In order to insert a fragment in another file, add a line containing the symbol `@@` followed by the
ID of the annotation (e.g. `@@12345`). When the file is woven using the `recto` command (see the
next section), the line will be replaced with the contents of th fragment. You can add any markup
you like around the line to provide formatting.

To insert a group of fragments, a regular expression can be used after the `@*` symbol. All of the
fragments whose ID matches the expression will be inserted in place of the symbol, in lexicographic
order by their IDs.

Sometimes it is also desirable to refer to metadata about a fragment. Currently, `verso|recto`
supports the following metadata insertion operators:

1. _Filename._ `@?id.file` inserts the name of the file the fragment was drawn from.
2. _Line number._ `@?id.line` inserts the line number on which the fragment began.
3. _Column number._ `@?id.col` inserts the column number at which the fragment began. (Currently
this value is always 0, as fragments always begin at the start of a line.)
4. _Quick location._ `@?id.loc` inserts the file name, starting line number, and column number for
the fragment in the format `file (line:col)`. This is useful if you just want to quickly refer to
the metadata without futzing with the formatting.

### Weaving a document for human consumption

The `verso` command will read all of the files specified on the command line, extract their
fragments, and output the result to stdout. In turn the `recto` command will read fragments from
stdin.

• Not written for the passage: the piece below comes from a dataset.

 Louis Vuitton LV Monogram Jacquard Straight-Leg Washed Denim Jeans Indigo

This makes the two programs easy to use together via pipes:

```
verso main.rs lib.rs | recto build chap1.tex chap2.tex blog/home.md
^ ^ ^ ^ ^ ^
+-------+ | +---------+---------+
| | |
| | |
+--- Source files +--- Output directory +--- Prose files
```

Each of the woven files is written to the output directory, provided as the first argument, in the
same relative location as given on the command line. So, for example, the file `blog/home.md` above
will be written to `build/blog/home.md` when it is woven.

Note that, although the two programs appear to run in parallel, `verso` won't send input to `recto`
until it has successfully extracted fragments from all of the source files it was given and that
`recto` will not start weaving files together until it receives those fragments. Because of this if
`verso` fails, `recto` will also fail.

### Full symbology

For reference, here is a table with the full symbology. Note that in the (hopefully rare) case that
your language has symbols which collide with the defaults used by `verso|recto`, you can override
them by using the listed environment variables.

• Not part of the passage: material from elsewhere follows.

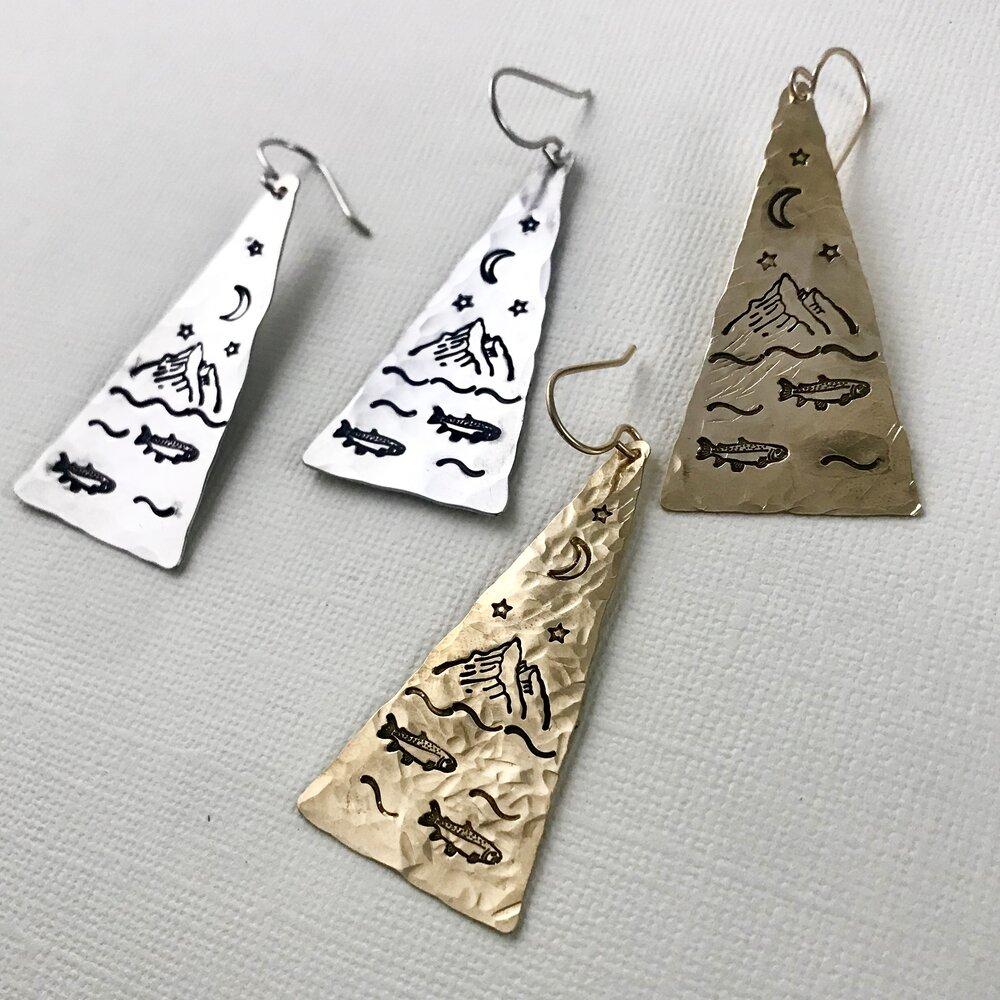 High Mountain Anglin' Earrings  Silver Finish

| Name | Symbol | Description | Override Variable |
| --------------- | -------- | --------------------------------- | ----------------------------- |
| Fragment Open | `@<` | Starts a named fragment. | `VERSO_FRAGMENT_OPEN_SYMBOL` |
| Fragment Close | `>@` | Ends a named fragment. | `VERSO_FRAGMENT_CLOSE_SYMBOL` |
| Halt | `@!halt` | Halts fragment extraction. | `VERSO_HALT_SYMBOL` |
| Insert Fragment | `@@` | Insert a fragment by ID. | `RECTO_INSERTION_SYMBOL` |
| Insert Pattern | `@*` | Insert a fragment by ID pattern. | `RECTO_PATTERN_SYMBOL` |
| Insert Metadata | `@?` | Insert metadata about a fragment. | `RECTO_METADATA_SYMBOL` |

## The Name

> Recto and verso are respectively, the text written or printed on the "right" or "front" side and
> on the "back" side of a leaf of paper in a bound item such as a codex, book, broadsheet, or
> pamphlet.

_[Wikipedia - Recto and Verso](https://en.wikipedia.org/wiki/Recto_and_verso)_

_(Note that, conveniently, the `verso` program goes on the left of the pipe while `recto` goes on
the right.)_

## Contributors

- [@nickpascucci](https://github.com/nickpascucci/)
- [@karlicoss](https://github.com/karlicoss/)
- [@elidhu](https://github.com/elidhu/)

## Future Work

- Add support for custom formatting of annotation properties within the woven output.
- Paralellize file processing in Verso, and both reading from `stdin` and file reading in Recto.
- Add `--fragments-from` option to specify a source other than stdin for fragments.